## TASK PROMPT:
Print each entry word for word.

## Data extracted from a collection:
::::::::
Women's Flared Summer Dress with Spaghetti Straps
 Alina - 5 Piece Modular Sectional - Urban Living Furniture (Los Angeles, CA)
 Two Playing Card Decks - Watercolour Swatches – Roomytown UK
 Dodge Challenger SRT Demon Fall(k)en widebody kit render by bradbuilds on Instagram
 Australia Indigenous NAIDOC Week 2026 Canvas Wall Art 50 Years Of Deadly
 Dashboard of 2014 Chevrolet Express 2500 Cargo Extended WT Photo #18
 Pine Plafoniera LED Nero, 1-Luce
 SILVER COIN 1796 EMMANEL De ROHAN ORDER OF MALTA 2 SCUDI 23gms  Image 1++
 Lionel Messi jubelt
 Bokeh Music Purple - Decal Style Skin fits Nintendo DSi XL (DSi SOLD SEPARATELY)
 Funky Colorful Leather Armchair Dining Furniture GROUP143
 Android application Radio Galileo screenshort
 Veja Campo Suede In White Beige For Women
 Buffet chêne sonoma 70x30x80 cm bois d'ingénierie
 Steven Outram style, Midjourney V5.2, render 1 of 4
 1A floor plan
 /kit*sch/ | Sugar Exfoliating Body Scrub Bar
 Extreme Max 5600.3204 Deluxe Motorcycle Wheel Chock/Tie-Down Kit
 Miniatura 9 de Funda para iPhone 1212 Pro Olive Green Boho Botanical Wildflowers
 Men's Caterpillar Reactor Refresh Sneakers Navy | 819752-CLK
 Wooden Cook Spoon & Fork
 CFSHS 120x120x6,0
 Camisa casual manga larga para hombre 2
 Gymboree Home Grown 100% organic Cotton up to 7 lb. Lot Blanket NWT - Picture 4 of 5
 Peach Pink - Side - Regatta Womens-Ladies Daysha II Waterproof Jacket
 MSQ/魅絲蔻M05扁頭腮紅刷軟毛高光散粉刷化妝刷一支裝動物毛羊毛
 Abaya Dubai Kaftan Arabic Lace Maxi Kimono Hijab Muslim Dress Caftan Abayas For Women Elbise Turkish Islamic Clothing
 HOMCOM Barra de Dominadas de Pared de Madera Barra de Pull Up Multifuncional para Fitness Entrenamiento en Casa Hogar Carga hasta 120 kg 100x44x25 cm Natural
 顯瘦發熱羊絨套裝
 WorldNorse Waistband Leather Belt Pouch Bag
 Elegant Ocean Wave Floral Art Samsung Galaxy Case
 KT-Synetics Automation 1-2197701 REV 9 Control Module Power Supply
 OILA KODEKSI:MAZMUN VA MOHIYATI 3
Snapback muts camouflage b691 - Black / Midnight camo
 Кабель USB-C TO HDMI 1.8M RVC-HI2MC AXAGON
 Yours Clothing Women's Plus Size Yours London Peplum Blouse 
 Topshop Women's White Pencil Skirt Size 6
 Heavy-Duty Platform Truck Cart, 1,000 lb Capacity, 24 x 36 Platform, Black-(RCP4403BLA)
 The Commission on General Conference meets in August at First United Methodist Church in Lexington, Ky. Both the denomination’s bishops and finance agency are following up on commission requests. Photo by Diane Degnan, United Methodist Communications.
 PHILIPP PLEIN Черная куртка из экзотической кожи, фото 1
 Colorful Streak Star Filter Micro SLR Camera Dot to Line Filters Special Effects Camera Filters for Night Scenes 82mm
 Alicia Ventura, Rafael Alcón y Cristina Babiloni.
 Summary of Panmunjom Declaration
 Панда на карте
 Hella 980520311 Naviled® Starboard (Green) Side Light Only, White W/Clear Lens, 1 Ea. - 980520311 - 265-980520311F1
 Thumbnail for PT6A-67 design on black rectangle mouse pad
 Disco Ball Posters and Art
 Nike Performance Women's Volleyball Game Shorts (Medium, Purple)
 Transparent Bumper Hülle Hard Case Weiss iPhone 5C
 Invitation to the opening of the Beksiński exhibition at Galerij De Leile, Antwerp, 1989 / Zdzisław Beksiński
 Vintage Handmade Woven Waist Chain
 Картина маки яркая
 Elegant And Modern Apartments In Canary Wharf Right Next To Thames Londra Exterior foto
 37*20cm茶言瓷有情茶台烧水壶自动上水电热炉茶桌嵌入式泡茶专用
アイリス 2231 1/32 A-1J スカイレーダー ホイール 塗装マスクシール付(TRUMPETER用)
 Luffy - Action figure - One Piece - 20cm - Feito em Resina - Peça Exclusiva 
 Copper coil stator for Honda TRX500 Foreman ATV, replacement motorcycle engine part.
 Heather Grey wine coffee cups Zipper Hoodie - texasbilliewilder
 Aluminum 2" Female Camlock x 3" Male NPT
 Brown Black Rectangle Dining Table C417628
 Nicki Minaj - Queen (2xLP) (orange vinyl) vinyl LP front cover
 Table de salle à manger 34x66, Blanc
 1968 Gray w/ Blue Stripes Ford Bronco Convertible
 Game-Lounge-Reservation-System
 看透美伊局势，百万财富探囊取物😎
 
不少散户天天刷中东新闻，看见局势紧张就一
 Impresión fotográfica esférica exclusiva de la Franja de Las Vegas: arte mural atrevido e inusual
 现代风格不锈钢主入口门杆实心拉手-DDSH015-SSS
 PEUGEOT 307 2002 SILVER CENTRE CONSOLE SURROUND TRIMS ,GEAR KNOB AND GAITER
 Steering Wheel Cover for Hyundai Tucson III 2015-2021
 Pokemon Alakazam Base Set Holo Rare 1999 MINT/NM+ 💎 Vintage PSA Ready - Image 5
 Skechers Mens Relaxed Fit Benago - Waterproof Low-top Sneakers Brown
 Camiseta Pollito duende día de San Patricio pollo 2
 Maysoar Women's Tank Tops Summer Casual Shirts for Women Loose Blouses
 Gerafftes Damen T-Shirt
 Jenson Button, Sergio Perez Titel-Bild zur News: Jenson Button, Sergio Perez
::::::::
## REPLY:
Women's Flared Summer Dress with Spaghetti Straps
 Alina - 5 Piece Modular Sectional - Urban Living Furniture (Los Angeles, CA)
 Two Playing Card Decks - Watercolour Swatches – Roomytown UK
 Dodge Challenger SRT Demon Fall(k)en widebody kit render by bradbuilds on Instagram
 Australia Indigenous NAIDOC Week 2026 Canvas Wall Art 50 Years Of Deadly
 Dashboard of 2014 Chevrolet Express 2500 Cargo Extended WT Photo #18
 Pine Plafoniera LED Nero, 1-Luce
 SILVER COIN 1796 EMMANEL De ROHAN ORDER OF MALTA 2 SCUDI 23gms  Image 1++
 Lionel Messi jubelt
 Bokeh Music Purple - Decal Style Skin fits Nintendo DSi XL (DSi SOLD SEPARATELY)
 Funky Colorful Leather Armchair Dining Furniture GROUP143
 Android application Radio Galileo screenshort
 Veja Campo Suede In White Beige For Women
 Buffet chêne sonoma 70x30x80 cm bois d'ingénierie
 Steven Outram style, Midjourney V5.2, render 1 of 4
 1A floor plan
 /kit*sch/ | Sugar Exfoliating Body Scrub Bar
 Extreme Max 5600.3204 Deluxe Motorcycle Wheel Chock/Tie-Down Kit
 Miniatura 9 de Funda para iPhone 1212 Pro Olive Green Boho Botanical Wildflowers
 Men's Caterpillar Reactor Refresh Sneakers Navy | 819752-CLK
 Wooden Cook Spoon & Fork
 CFSHS 120x120x6,0
 Camisa casual manga larga para hombre 2
 Gymboree Home Grown 100% organic Cotton up to 7 lb. Lot Blanket NWT - Picture 4 of 5
 Peach Pink - Side - Regatta Womens-Ladies Daysha II Waterproof Jacket
 MSQ/魅絲蔻M05扁頭腮紅刷軟毛高光散粉刷化妝刷一支裝動物毛羊毛
 Abaya Dubai Kaftan Arabic Lace Maxi Kimono Hijab Muslim Dress Caftan Abayas For Women Elbise Turkish Islamic Clothing
 HOMCOM Barra de Dominadas de Pared de Madera Barra de Pull Up Multifuncional para Fitness Entrenamiento en Casa Hogar Carga hasta 120 kg 100x44x25 cm Natural
 顯瘦發熱羊絨套裝
 WorldNorse Waistband Leather Belt Pouch Bag
 Elegant Ocean Wave Floral Art Samsung Galaxy Case
 KT-Synetics Automation 1-2197701 REV 9 Control Module Power Supply
 OILA KODEKSI:MAZMUN VA MOHIYATI 3
Snapback muts camouflage b691 - Black / Midnight camo
 Кабель USB-C TO HDMI 1.8M RVC-HI2MC AXAGON
 Yours Clothing Women's Plus Size Yours London Peplum Blouse 
 Topshop Women's White Pencil Skirt Size 6
 Heavy-Duty Platform Truck Cart, 1,000 lb Capacity, 24 x 36 Platform, Black-(RCP4403BLA)
 The Commission on General Conference meets in August at First United Methodist Church in Lexington, Ky. Both the denomination’s bishops and finance agency are following up on commission requests. Photo by Diane Degnan, United Methodist Communications.
 PHILIPP PLEIN Черная куртка из экзотической кожи, фото 1
 Colorful Streak Star Filter Micro SLR Camera Dot to Line Filters Special Effects Camera Filters for Night Scenes 82mm
 Alicia Ventura, Rafael Alcón y Cristina Babiloni.
 Summary of Panmunjom Declaration
 Панда на карте
 Hella 980520311 Naviled® Starboard (Green) Side Light Only, White W/Clear Lens, 1 Ea. - 980520311 - 265-980520311F1
 Thumbnail for PT6A-67 design on black rectangle mouse pad
 Disco Ball Posters and Art
 Nike Performance Women's Volleyball Game Shorts (Medium, Purple)
 Transparent Bumper Hülle Hard Case Weiss iPhone 5C
 Invitation to the opening of the Beksiński exhibition at Galerij De Leile, Antwerp, 1989 / Zdzisław Beksiński
 Vintage Handmade Woven Waist Chain
 Картина маки яркая
 Elegant And Modern Apartments In Canary Wharf Right Next To Thames Londra Exterior foto
 37*20cm茶言瓷有情茶台烧水壶自动上水电热炉茶桌嵌入式泡茶专用
アイリス 2231 1/32 A-1J スカイレーダー ホイール 塗装マスクシール付(TRUMPETER用)
 Luffy - Action figure - One Piece - 20cm - Feito em Resina - Peça Exclusiva 
 Copper coil stator for Honda TRX500 Foreman ATV, replacement motorcycle engine part.
 Heather Grey wine coffee cups Zipper Hoodie - texasbilliewilder
 Aluminum 2" Female Camlock x 3" Male NPT
 Brown Black Rectangle Dining Table C417628
 Nicki Minaj - Queen (2xLP) (orange vinyl) vinyl LP front cover
 Table de salle à manger 34x66, Blanc
 1968 Gray w/ Blue Stripes Ford Bronco Convertible
 Game-Lounge-Reservation-System
 看透美伊局势，百万财富探囊取物😎
 
不少散户天天刷中东新闻，看见局势紧张就一
 Impresión fotográfica esférica exclusiva de la Franja de Las Vegas: arte mural atrevido e inusual
 现代风格不锈钢主入口门杆实心拉手-DDSH015-SSS
 PEUGEOT 307 2002 SILVER CENTRE CONSOLE SURROUND TRIMS ,GEAR KNOB AND GAITER
 Steering Wheel Cover for Hyundai Tucson III 2015-2021
 Pokemon Alakazam Base Set Holo Rare 1999 MINT/NM+ 💎 Vintage PSA Ready - Image 5
 Skechers Mens Relaxed Fit Benago - Waterproof Low-top Sneakers Brown
 Camiseta Pollito duende día de San Patricio pollo 2
 Maysoar Women's Tank Tops Summer Casual Shirts for Women Loose Blouses
 Gerafftes Damen T-Shirt
 Jenson Button, Sergio Perez Titel-Bild zur News: Jenson Button, Sergio Perez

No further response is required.